[[ DATA FOR THE TASK, beginning ]]

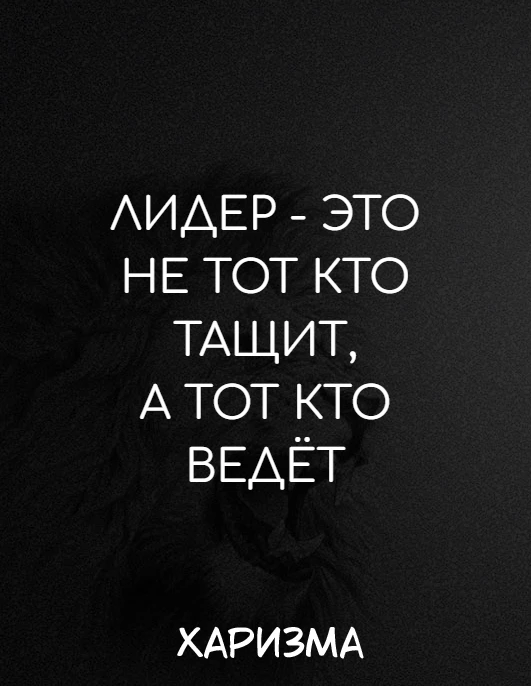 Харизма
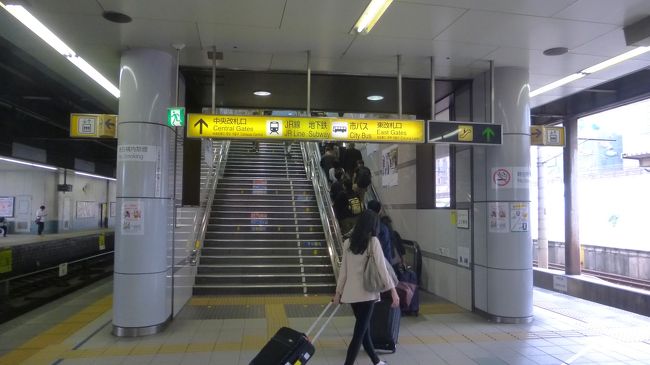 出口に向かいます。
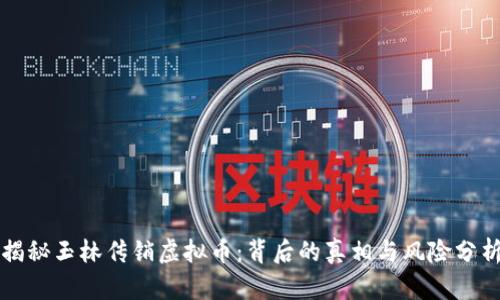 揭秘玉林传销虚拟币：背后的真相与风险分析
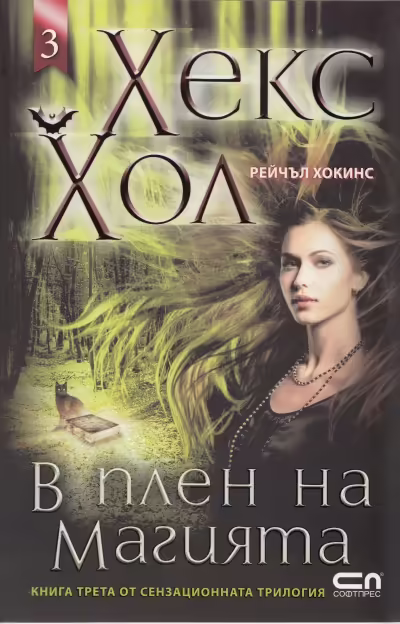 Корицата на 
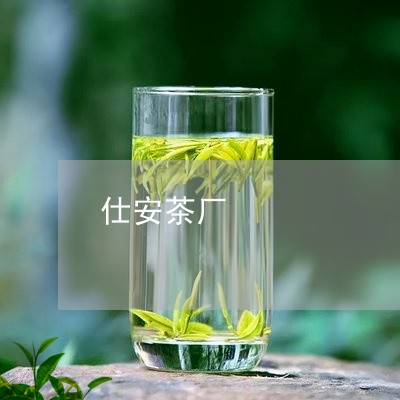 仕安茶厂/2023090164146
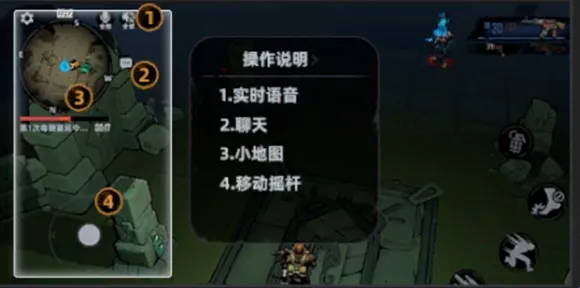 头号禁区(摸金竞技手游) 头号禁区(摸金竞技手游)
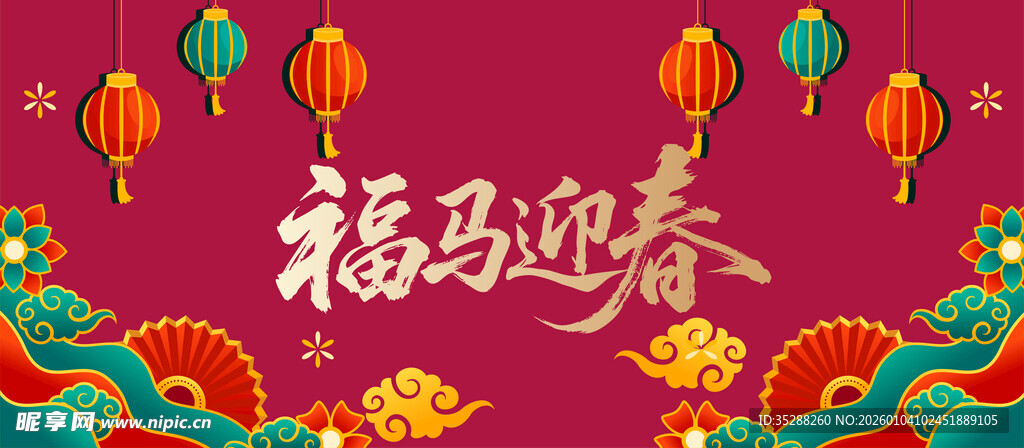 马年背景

[[ DATA FOR THE TASK, end ]]

__WHAT YOU ARE ASKED TO DO__: Please copy the entries in full. Leave each image out.

__THE ANSWER__:
 Харизма
 出口に向かいます。
 揭秘玉林传销虚拟币：背后的真相与风险分析
 Корицата на 
 仕安茶厂/2023090164146
 头号禁区(摸金竞技手游) 头号禁区(摸金竞技手游)
 马年背景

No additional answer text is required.